The budget makes cuts across the board, with all county departments and constitutional officers reducing expenses to keep pace with tax revenues that are still falling in the aftermath of the worst real estate collapse in history.

“Property values in the county were down 3.6 percent over the past year,” said Brown.

Since property taxes are tied to property values, and the County Commission has declined to increase the property tax rate to offset the decline in value, the county expects to collect $3.4 million less in property taxes next year.

“That is a 4.7 percent decrease,” said Baird.

Since fiscal 2006-07, annual property tax revenues are down more than $33 million, from $103.3 million to $69.4 million.

During the same period, Baird and Brown have cut the county budget by 46.9 percent to stay in the black.

“There are no tax or fee increases in the budget and there will be one fee reduction, for certain types of building permits,” said Baird.

The county is saving money by eliminating nine positions in human resources, golf course operations, lifeguard staff, library staff, storm water management and traffic planning and engineering.  Five of the positions are open slots that will not be filled.

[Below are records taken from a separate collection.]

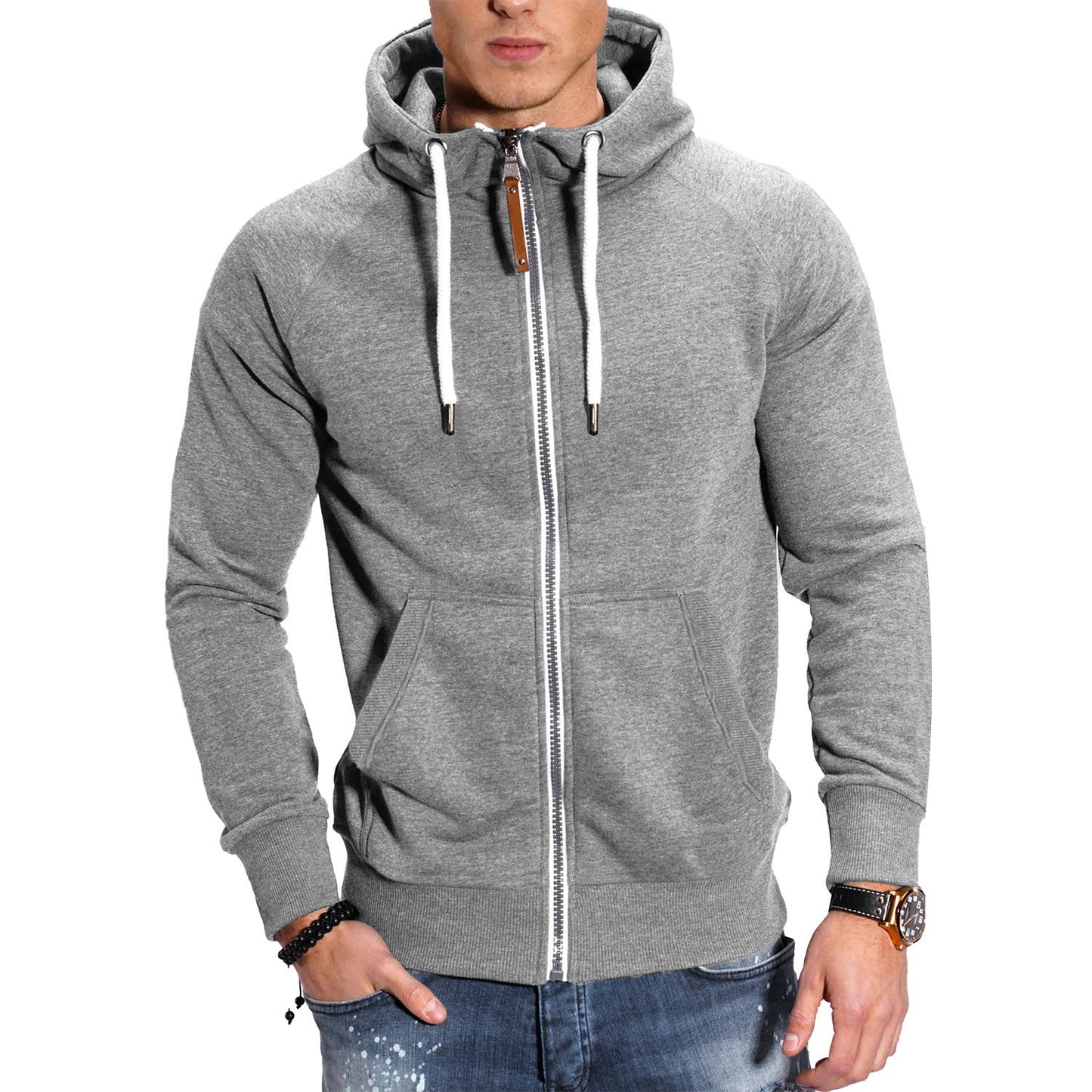 Marvin Men’s Hooded Jacket – Modern Casual Design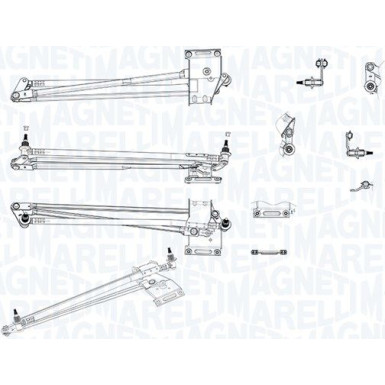 Magneti Marelli | Wischergestänge | 085570168010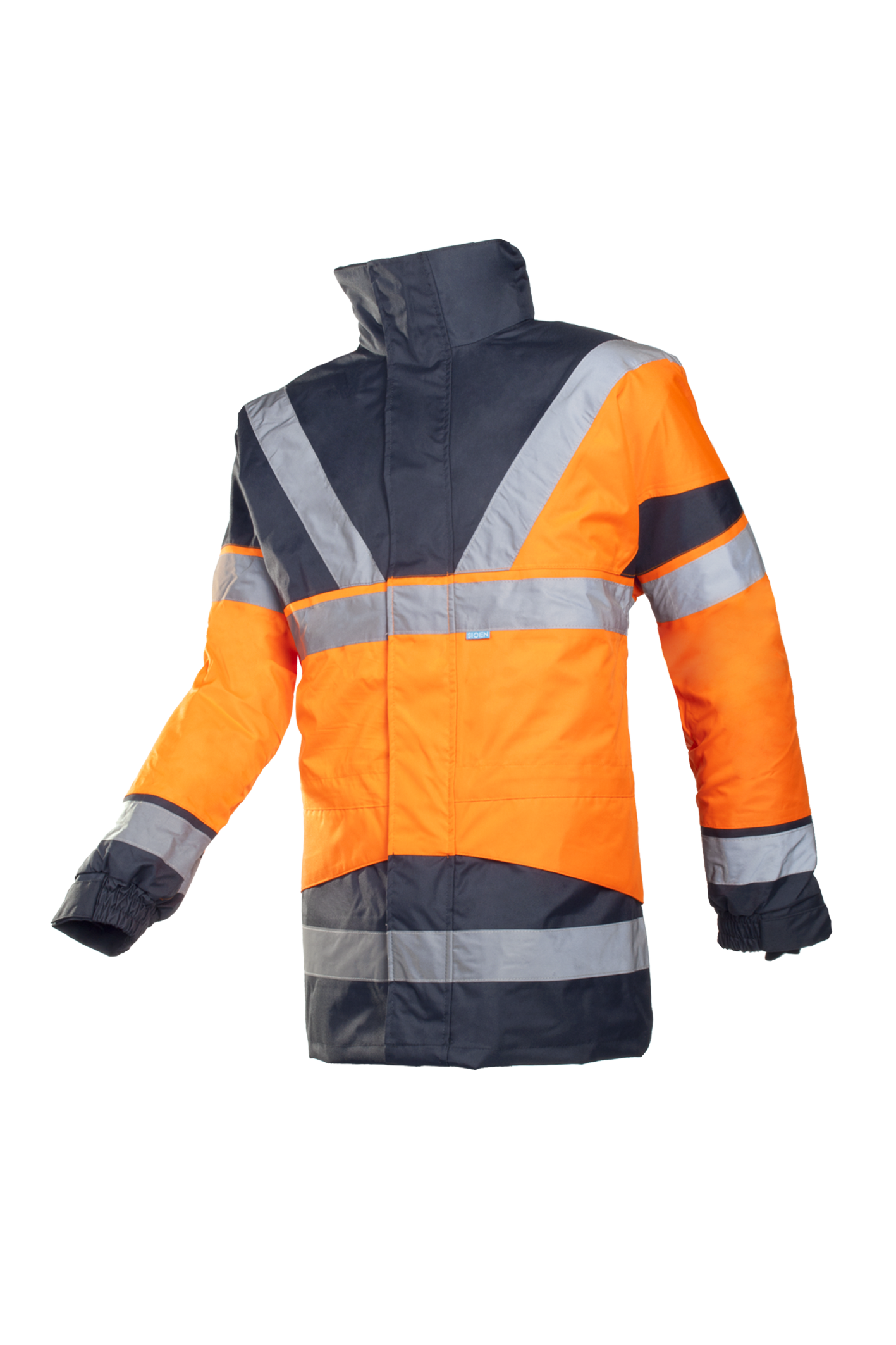Sioen Skollfield Hi-Vis Rain Jacket With Detachable Bodywarmer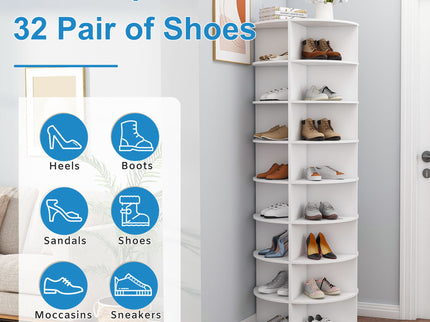 Rotating Shoe Rack Tower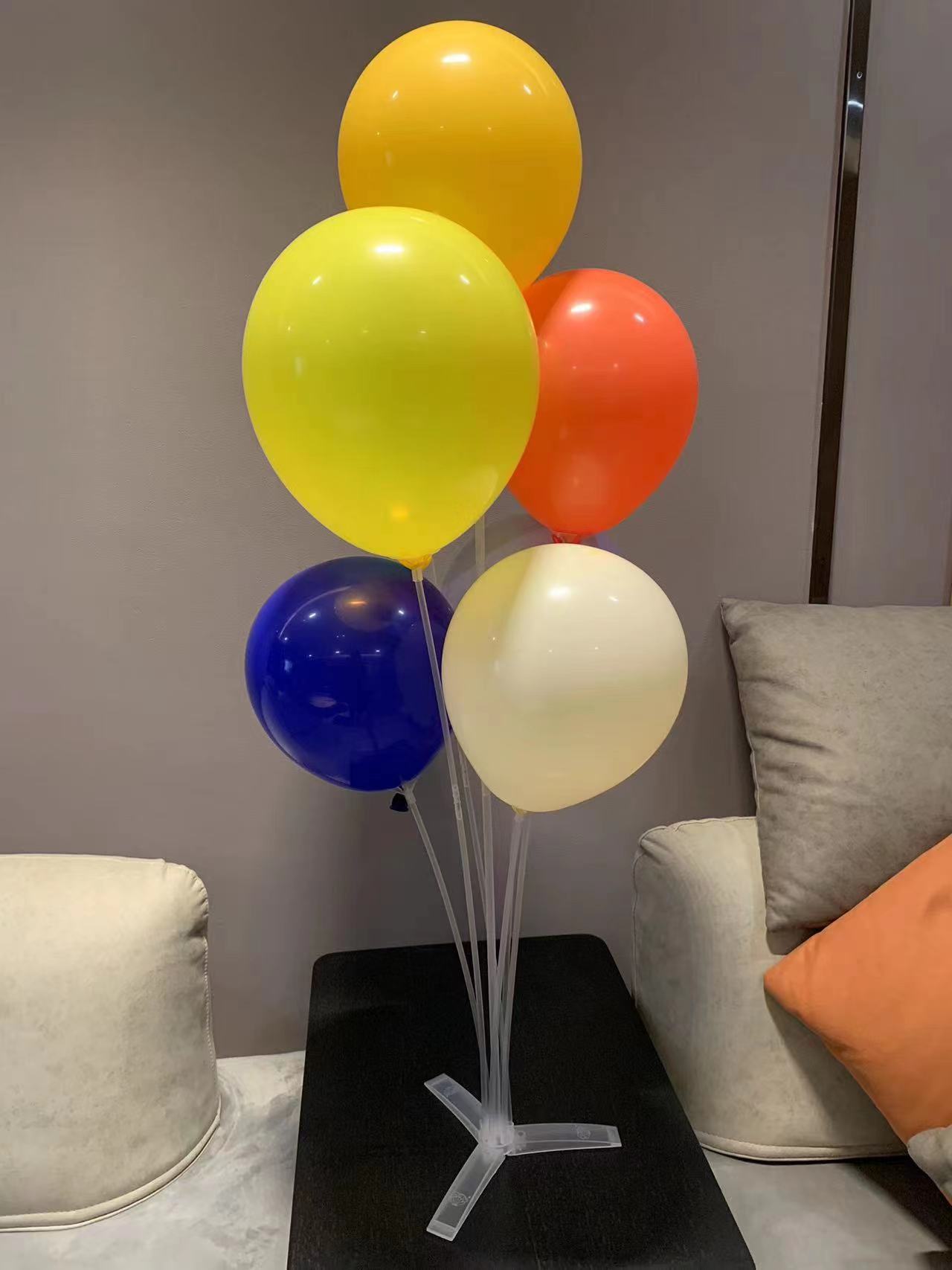 桌飘气球拼接支架透明生日派对场地布置道具装饰室内气球立柱桌
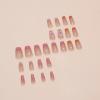 imageBABALAL Coffin Press on Nails Medium Fake Nails Orange Pink French Tip Glue on Nails 3d Texture Flower Design Acrylic Nails 24Pcs Ballerina Summer False Nails Manicure Stick on Nails SuppliesNT0114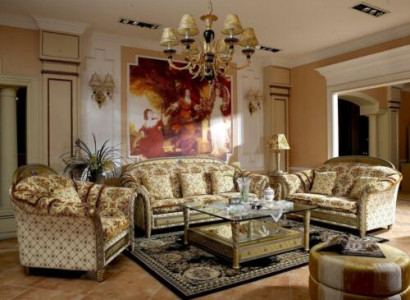 1 Seater Elegant Armchair Couch Sofa Upholstery TV Chair Baroque Rococo Luxury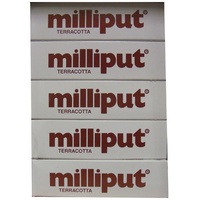 Milliput Terracotta Putty - 5 Pack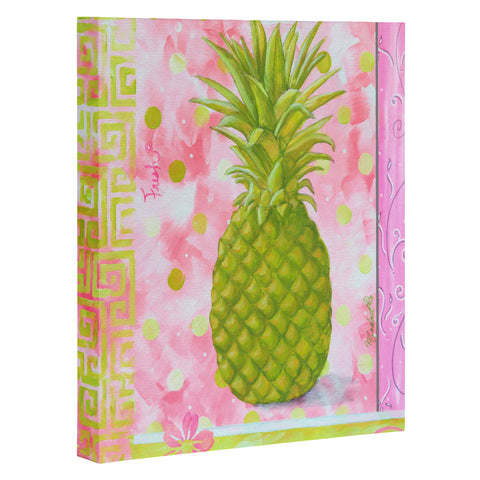 Madart Inc. Fresh Pineapple Art Canvas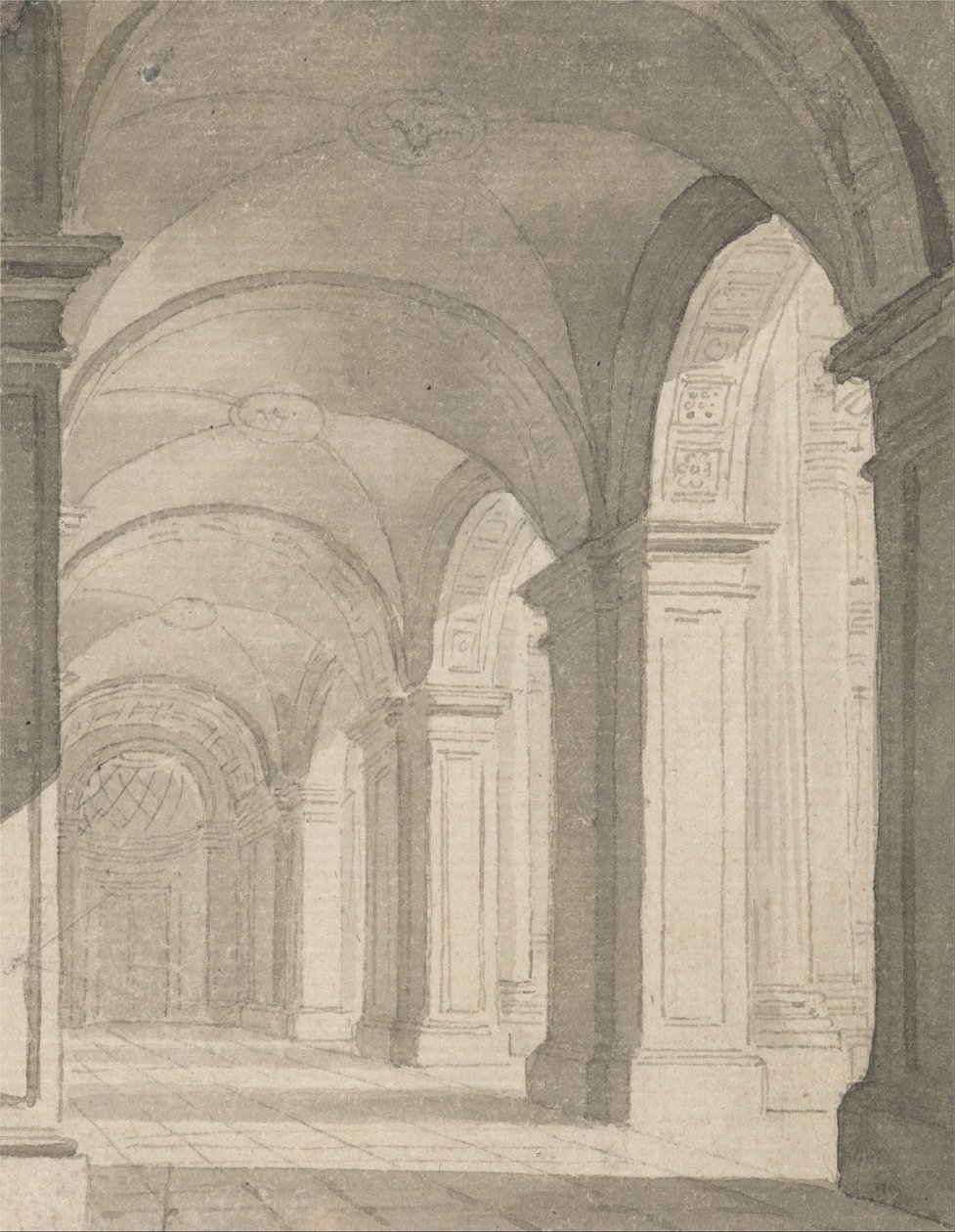 Tonozlu Çatılı Kolonat by Paul Sandby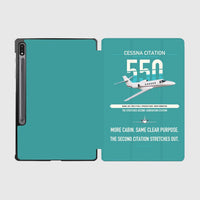 Thumbnail for Cessna Citation 550 - Citation II design on turquoise samsung tablet tablet case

The other four jobs were eliminated Friday morning.

The county is reducing expenses further by retiring a land acquisition bond, privatizing some services, working to limit benefits such as sick and vacation leave and cutting vehicle allowances.

The county incurred a substantial new expense from a state Medicaid mandate that will add $790,000 in costs next year.

“It is tough,” Baird said at the news conference. “We saved $629,000 by eliminating nine positions but the state is adding more than that in new Medicaid costs.”

On a positive note, Baird told the chamber audience some areas of the county economy have begun to turn around, pointing to a 5.2 percent increase in sales tax revenues as well as a 15.5 percent increase in tourist tax dollars.